Home Vs Career

I just want to gush for a minute about how happy I am at home. I am so glad I don’t have to go to work. Thank God my husband is a good provider, and I can stay in my home where I feel most comfortable and enjoy being. I get to be with my dogs and my stuff all day. No one tells me what to do or annoys me. I don’t have to push paperwork. I don’t have to help customers. It’s awesome.

Career women baffle me because I can not for the life of me understand why anyone would rather sit in an office all day than be in their own home. Sometimes feminists get really angry with me, and they go off about how we should encourage our daughters and young girls in general, to have careers. Yikes on bikes people. One day, my daughter will be grown, and she will make her own choices. If she wants a career she can do that. I hope that’s not the decision she makes, but I’m not going to stop her. But to encourage her to do something that I frankly think sucks makes no sense to me. I have worked. I did not enjoy it.

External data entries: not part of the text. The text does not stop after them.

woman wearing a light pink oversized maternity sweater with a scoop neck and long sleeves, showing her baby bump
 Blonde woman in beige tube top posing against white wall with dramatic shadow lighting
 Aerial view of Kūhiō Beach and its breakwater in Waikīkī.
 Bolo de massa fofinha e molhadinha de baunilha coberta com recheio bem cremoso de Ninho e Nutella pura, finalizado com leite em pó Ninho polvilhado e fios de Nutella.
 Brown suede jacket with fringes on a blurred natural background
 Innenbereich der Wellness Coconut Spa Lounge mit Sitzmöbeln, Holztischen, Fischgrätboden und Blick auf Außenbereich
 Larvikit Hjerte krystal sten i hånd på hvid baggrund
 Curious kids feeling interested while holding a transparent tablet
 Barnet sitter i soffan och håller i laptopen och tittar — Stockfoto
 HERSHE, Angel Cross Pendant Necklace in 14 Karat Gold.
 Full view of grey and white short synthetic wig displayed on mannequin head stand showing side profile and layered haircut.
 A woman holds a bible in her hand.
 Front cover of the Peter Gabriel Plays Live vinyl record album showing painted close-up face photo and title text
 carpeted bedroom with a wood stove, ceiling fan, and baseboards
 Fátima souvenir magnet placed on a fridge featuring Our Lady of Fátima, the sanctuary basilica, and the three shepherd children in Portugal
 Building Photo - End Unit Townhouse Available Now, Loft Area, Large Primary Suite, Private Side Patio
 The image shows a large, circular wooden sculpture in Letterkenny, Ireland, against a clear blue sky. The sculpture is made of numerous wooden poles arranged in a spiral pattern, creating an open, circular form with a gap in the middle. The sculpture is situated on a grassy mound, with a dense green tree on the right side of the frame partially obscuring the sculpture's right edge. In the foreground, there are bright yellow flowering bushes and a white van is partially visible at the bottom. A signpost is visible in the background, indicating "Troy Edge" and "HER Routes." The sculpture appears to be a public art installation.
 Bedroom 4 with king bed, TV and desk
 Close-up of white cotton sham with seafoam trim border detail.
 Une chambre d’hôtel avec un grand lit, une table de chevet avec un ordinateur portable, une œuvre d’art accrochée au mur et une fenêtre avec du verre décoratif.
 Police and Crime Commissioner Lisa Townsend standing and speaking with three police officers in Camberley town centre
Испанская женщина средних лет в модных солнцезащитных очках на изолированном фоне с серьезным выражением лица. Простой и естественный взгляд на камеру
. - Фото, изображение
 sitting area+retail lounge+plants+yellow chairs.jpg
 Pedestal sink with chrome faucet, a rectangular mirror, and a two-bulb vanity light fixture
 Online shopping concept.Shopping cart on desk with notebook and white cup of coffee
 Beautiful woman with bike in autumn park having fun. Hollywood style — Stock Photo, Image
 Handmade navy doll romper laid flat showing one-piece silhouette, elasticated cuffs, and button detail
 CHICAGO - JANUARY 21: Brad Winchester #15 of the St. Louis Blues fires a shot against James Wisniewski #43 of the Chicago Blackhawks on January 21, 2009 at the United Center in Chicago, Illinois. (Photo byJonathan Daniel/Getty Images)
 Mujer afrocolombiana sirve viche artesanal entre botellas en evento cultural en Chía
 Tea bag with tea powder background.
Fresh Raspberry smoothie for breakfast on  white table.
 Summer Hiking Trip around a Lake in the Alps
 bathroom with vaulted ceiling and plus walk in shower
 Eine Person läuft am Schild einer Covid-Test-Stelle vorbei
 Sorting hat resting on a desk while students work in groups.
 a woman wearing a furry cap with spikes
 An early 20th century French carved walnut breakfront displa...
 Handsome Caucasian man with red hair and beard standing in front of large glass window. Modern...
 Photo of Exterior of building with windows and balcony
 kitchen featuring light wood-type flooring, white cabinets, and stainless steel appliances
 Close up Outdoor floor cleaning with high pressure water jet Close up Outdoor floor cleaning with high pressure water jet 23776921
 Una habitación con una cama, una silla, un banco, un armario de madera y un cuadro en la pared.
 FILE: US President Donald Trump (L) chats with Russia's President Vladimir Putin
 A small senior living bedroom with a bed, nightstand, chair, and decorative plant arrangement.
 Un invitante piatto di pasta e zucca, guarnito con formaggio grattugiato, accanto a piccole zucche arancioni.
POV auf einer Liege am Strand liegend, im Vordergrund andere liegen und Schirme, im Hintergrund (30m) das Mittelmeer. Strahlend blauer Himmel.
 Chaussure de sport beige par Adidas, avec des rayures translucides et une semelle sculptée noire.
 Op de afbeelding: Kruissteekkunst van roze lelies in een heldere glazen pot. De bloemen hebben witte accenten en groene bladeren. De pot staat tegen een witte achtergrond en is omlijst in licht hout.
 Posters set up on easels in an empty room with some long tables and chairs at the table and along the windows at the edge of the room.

I enjoy working around the house. But that’s different. The things I do are acts of love that directly benefit my family and make our home a cozier place. And plus I enjoy the environment so much that even if I disliked housework, I would prefer to be at home.

I used to want to be a professor, and I was very upset that funded grad schools were out of reach once I got married. But as I stayed home, I realized that I would rather be there. Poetry is still important to me, but I can read it voraciously and write it prodigiously from the comfort of my studio or living room. I sometimes miss the community feedback on my writing. Criticism is always helpful, and while my husband is always willing to read my work and provide commentary, by his own admission, he’s not a very poetic person, and poetry is not his thing. He doesn’t get deep in the nitty gritty, and I need that. For that reason I am looking for beta readers for the book I’m working on. But I still have no regrets about losing the chance to work in academia. It isn’t publish or perish for me. I can write what I want when I want to, and whether or not I publish it is up to me. I haven’t even been interested in publishing the past several years. After my chapbook got published, I quit. Now I’m getting back into it, but I’ve decided to go the self-publishing route because it’s cheaper and easier than entering dozens of poetry contests.

Being at home makes me feel safe and happy. The most interaction I really feel the need to have with the world is to maybe go shopping once in a while or, of course, running errands that need to be run. Or I enjoy hanging out with friends for a couple of hours. I have zero interest in spending 8 to 12 hours a day with people who aren’t family.

I feel so lucky and grateful to be able to stay home. I don’t give a darn about having a career. I would encourage any woman to explore the trad lifestyle.